Objectives This study aimed to determine the efficacy and safety of perampanel added to monotherapy in patients with focal-onset seizures, with or without secondarily generalized tonic-clonic seizures. Materials & Methods In this multicentre, open-label trial, enrolled patients were treated with perampanel monotherapy. During a 12-week titration period, perampanel was incrementally increased by 2 mg/d over >= 2-week intervals. Patients then entered a 24-week maintenance period. The primary objective was to investigate the 50% responder rate in total seizure frequency, with 75% and 100% responder rates as secondary objectives.
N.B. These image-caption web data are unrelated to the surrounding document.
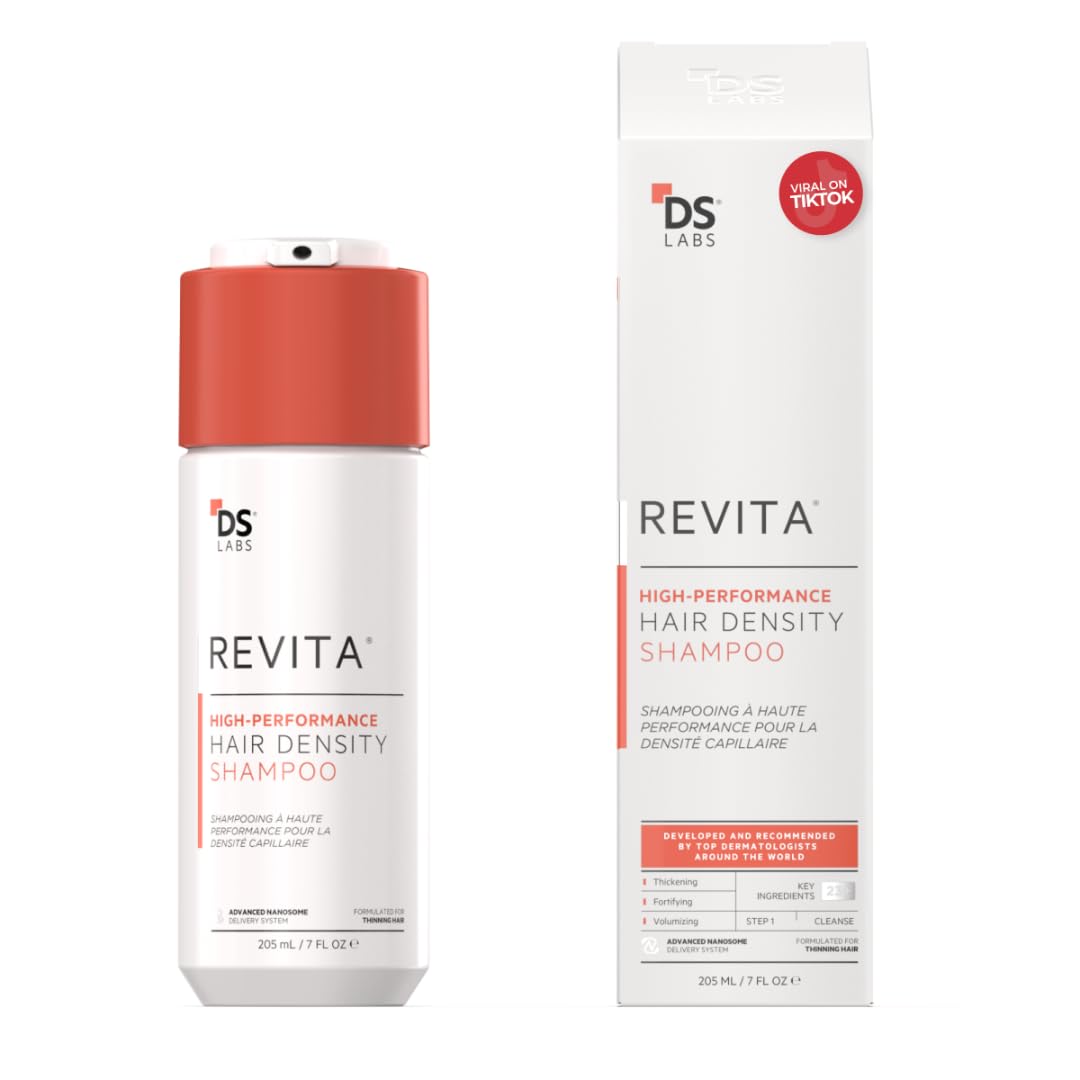 Volumizing Shampoo for Fuller Looking Hair, Scalp Refreshing Cleanse & Lightweight Hydration, 205 mL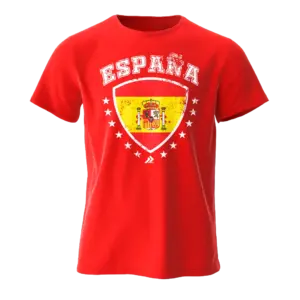 España T-Shirt Red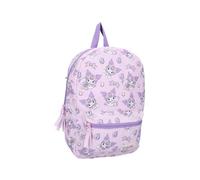 mybagstory - Mochila Kuromi para niños, colección oficial | Mochila infantil y ocio | Diseño Kawaii morado | Poliéster resistente | 33 cm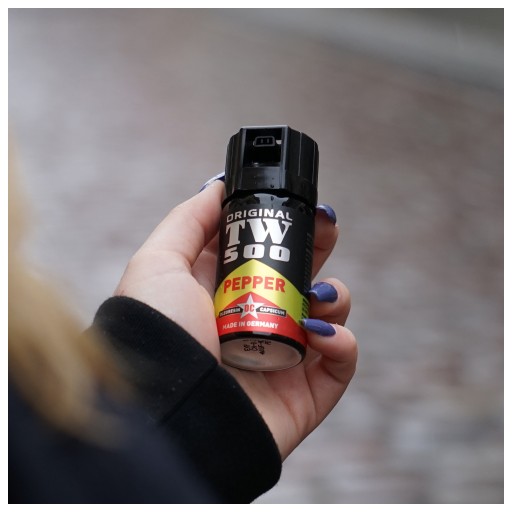 Hoernecke TW 500 Pepřový sprej Cloud OC 10% 40ml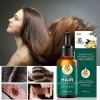 Serum Tratamiento Capilar De Jengibre Zhenxiu Nutriente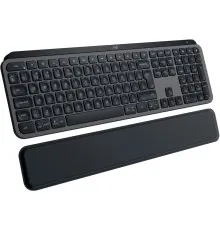 Клавиатура Logitech MX Keys S Plus Palmrest Wireless UA Graphite (920-011589)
Treatment-emergent adverse events (TEAEs) and adverse drug reactions were recorded. A post hoc analysis was performed to investigate the effect of titration speed and different concomitant AEDs on the efficacy and safety of perampanel. Results Of the 85 patients analysed, seizure reductions of 50%, 75% and 100% were observed in 80.0% (95% confidence interval [CI]: 69.9-87.9), 71.8% (95% CI: 61.0-81.0) and 47.1% (95% CI: 36.1-58.2) during the maintenance period, respectively. The 50%, 75% and 100% response rates in patients with secondarily generalized tonic-clonic seizures were 87.5% (95% CI: 61.7-98.5), 87.5% (95% CI: 61.7-98.5) and 75.0% (95% CI: 47.6-92.7), respectively. The most common TEAEs were dizziness (50.0%), somnolence (9.8%) and headache (8.8%). The efficacy outcomes and safety profile of perampanel were more favourable with slow titration and relatively consistent when stratified by concomitant AEDs. Conclusions Perampanel was effective and well tolerated as a first add-on to monotherapy in patients with focal-onset seizures, with or without secondarily generalized seizures.